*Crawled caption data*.

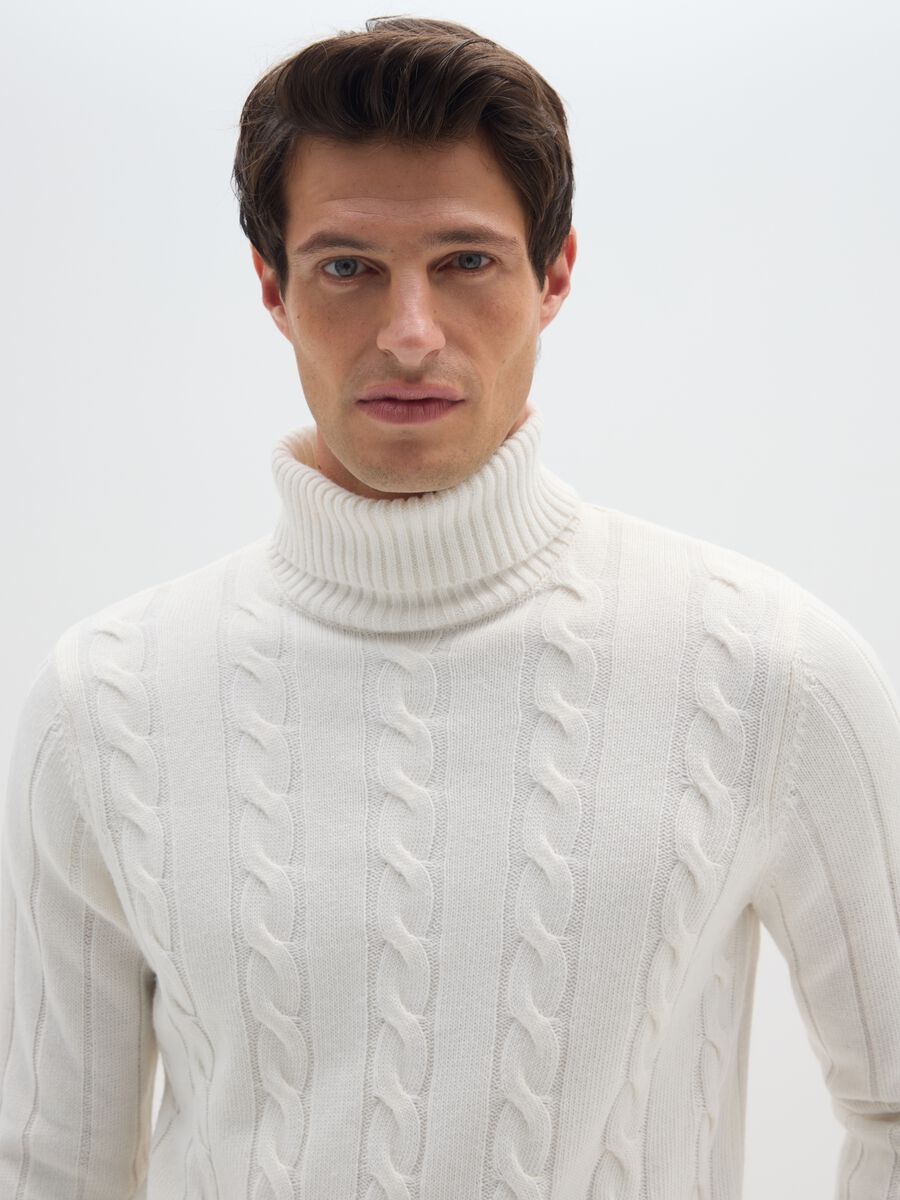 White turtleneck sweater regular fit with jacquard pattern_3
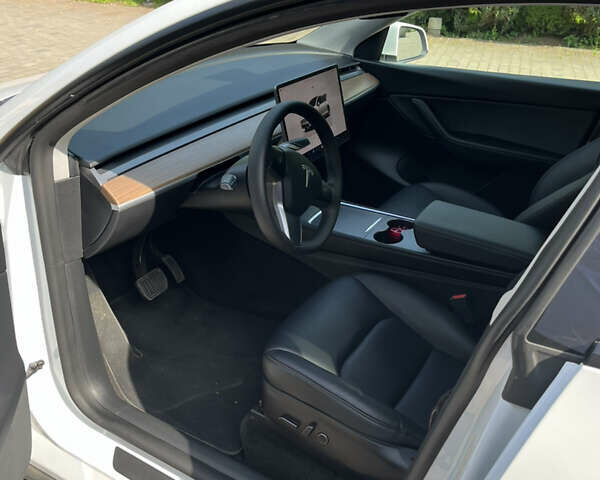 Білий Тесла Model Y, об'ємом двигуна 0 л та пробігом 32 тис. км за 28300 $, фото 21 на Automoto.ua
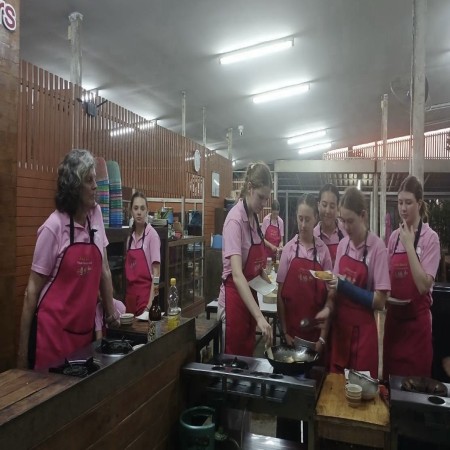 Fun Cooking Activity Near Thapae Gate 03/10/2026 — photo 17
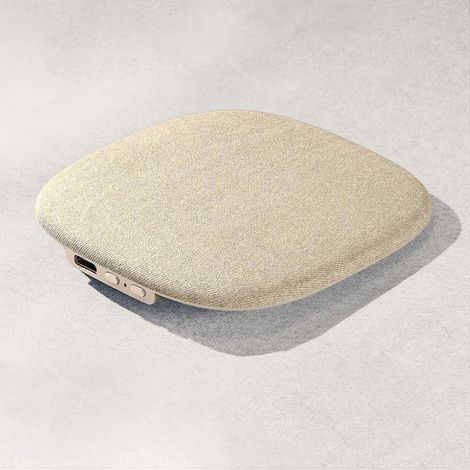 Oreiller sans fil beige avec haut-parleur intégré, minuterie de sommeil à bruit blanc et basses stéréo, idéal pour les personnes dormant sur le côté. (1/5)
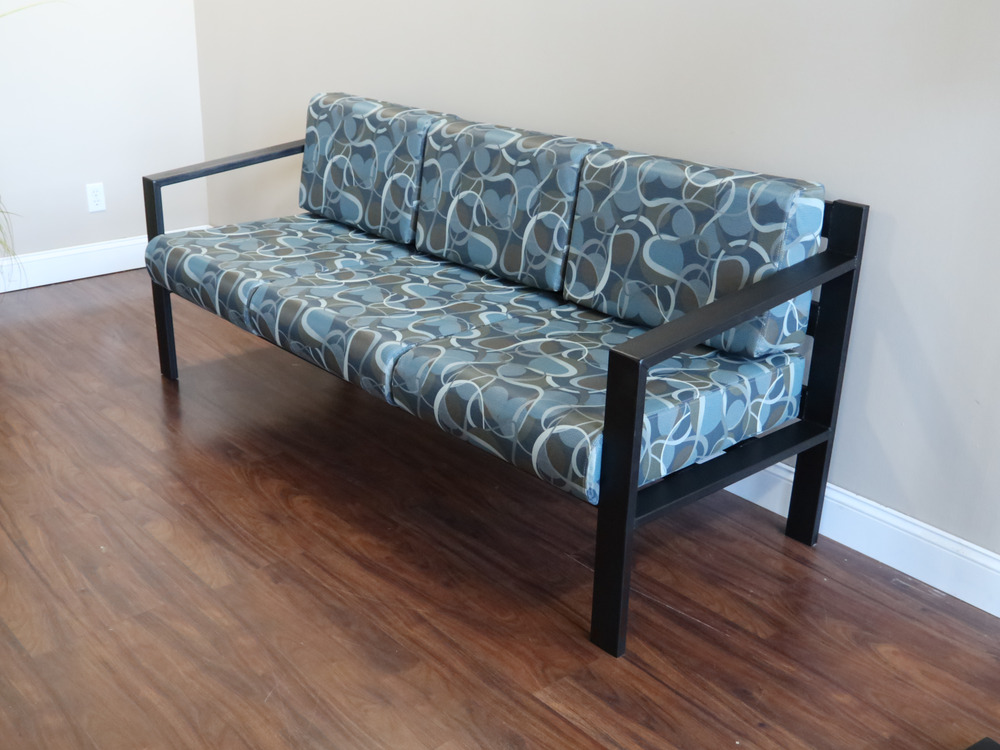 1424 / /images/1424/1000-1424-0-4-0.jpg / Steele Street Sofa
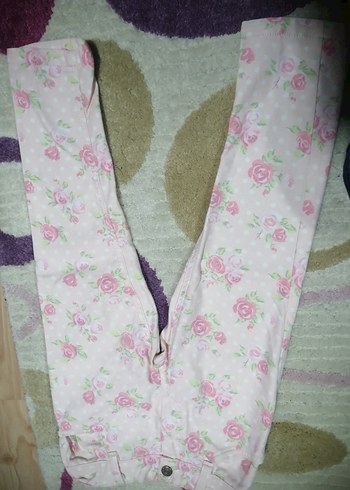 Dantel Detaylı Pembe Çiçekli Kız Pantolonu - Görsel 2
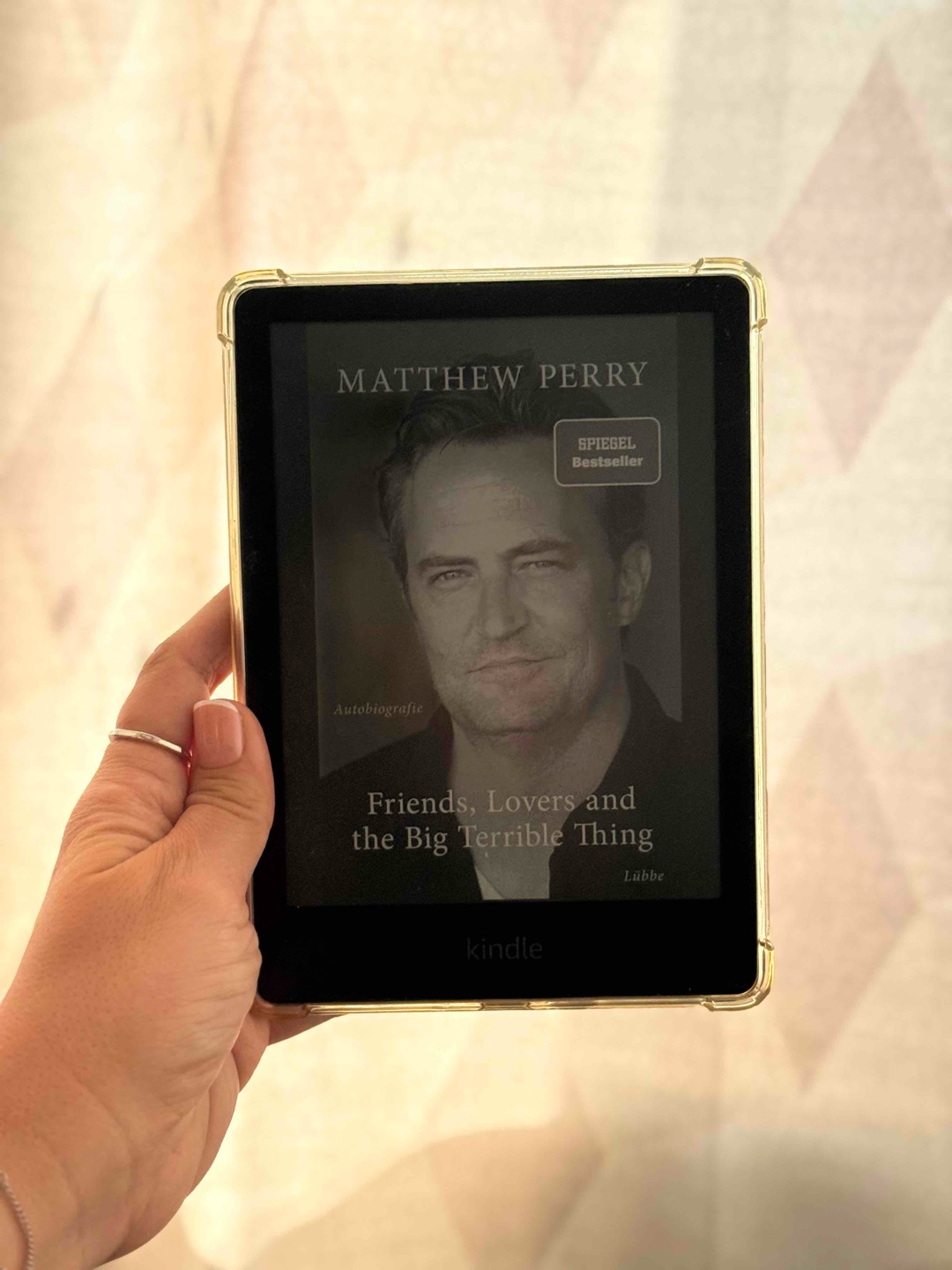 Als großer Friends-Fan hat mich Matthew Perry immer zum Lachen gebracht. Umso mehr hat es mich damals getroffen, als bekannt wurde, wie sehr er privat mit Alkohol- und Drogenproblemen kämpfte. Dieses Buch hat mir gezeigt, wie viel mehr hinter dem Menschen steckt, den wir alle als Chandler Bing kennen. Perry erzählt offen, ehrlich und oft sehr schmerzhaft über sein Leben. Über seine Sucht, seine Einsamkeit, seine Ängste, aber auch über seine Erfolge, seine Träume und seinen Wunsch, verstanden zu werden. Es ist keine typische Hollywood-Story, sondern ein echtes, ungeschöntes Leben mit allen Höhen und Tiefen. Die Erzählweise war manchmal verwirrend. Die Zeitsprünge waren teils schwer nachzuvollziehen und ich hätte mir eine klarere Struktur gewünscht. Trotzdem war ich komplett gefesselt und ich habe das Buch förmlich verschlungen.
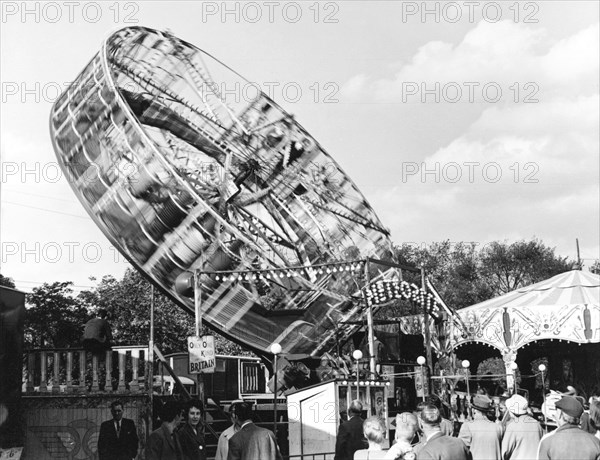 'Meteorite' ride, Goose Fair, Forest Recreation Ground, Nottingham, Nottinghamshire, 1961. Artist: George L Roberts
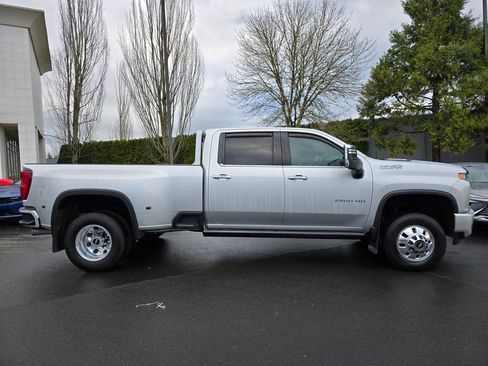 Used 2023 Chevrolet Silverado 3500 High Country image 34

*WORK ORDER*. The output is the stretch above from the line with "Fun Cooking Activity" through the line with "1424 / /images/1424/1000-1424-0-4-0.jpg", copied word for word with both ends kept and every picture dropped.

*SOLUTION TO THIS PROBLEM*.
 Fun Cooking Activity Near Thapae Gate 03/10/2026 — photo 17
 Oreiller sans fil beige avec haut-parleur intégré, minuterie de sommeil à bruit blanc et basses stéréo, idéal pour les personnes dormant sur le côté. (1/5)
 1424 / /images/1424/1000-1424-0-4-0.jpg / Steele Street Sofa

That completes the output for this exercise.